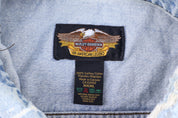 Harley Davidson Motorcycles Light Wash Denim Jacket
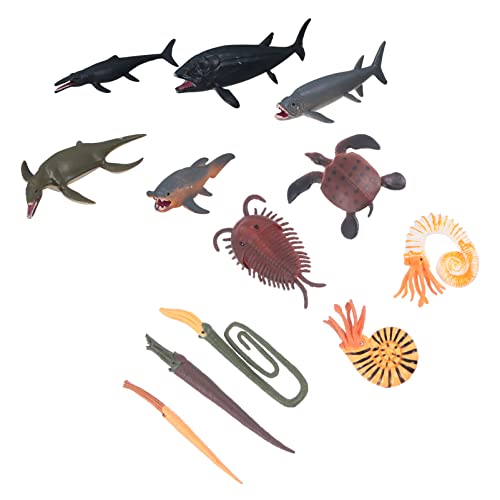 GLSTOY Simulierte Meerestiermodelle Prähistorisches Spielzeug 1 Set/12 Stück Für Jungen Und Mädchen Lernen von GLSTOY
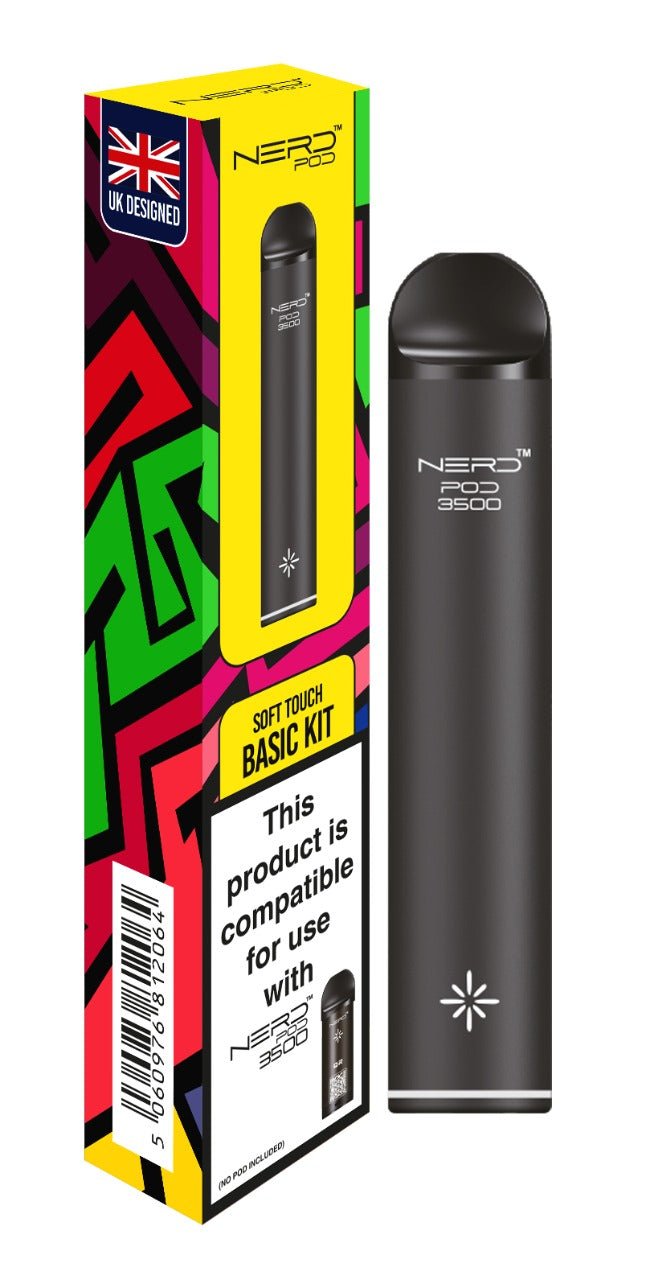 Nerd Pod Soft Touch Basic Kit - #Simbavapes#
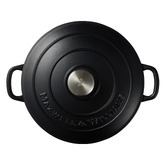 Maxwell &amp; Williams Black Cast Iron Round Casserole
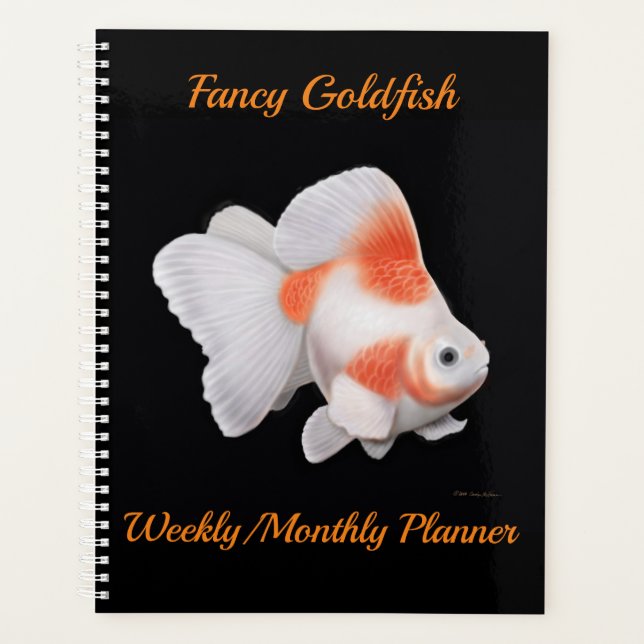 Fancy Fantail Goldfish hebdomadaire planificateur  (Devant)
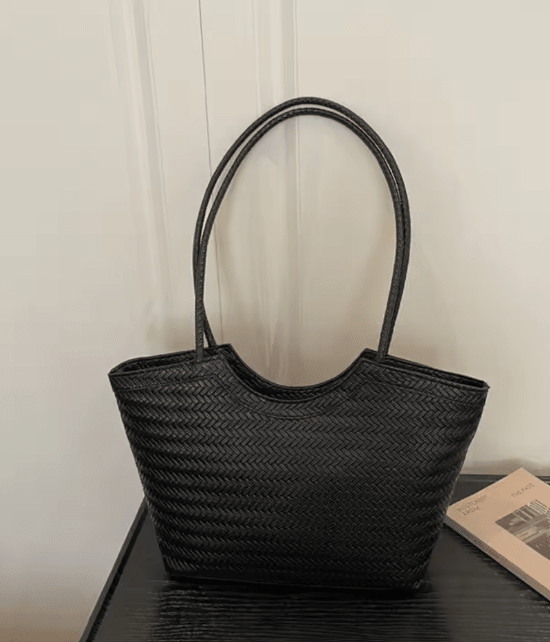 ZEYA - Mica Woven Faux Leather Bag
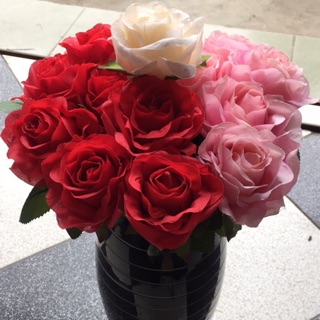 🌷🌹🌷hoa hồng lụa đỏ ,hồng phấn ,hồng trắng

━━━━━━━━━━

The answer must be an exact copy of the records, with no pictures in it.

 Harley Davidson Motorcycles Light Wash Denim Jacket
 GLSTOY Simulierte Meerestiermodelle Prähistorisches Spielzeug 1 Set/12 Stück Für Jungen Und Mädchen Lernen von GLSTOY
 Nerd Pod Soft Touch Basic Kit - #Simbavapes#
 Maxwell &amp; Williams Black Cast Iron Round Casserole
 Fancy Fantail Goldfish hebdomadaire planificateur  (Devant)
 ZEYA - Mica Woven Faux Leather Bag
 🌷🌹🌷hoa hồng lụa đỏ ,hồng phấn ,hồng trắng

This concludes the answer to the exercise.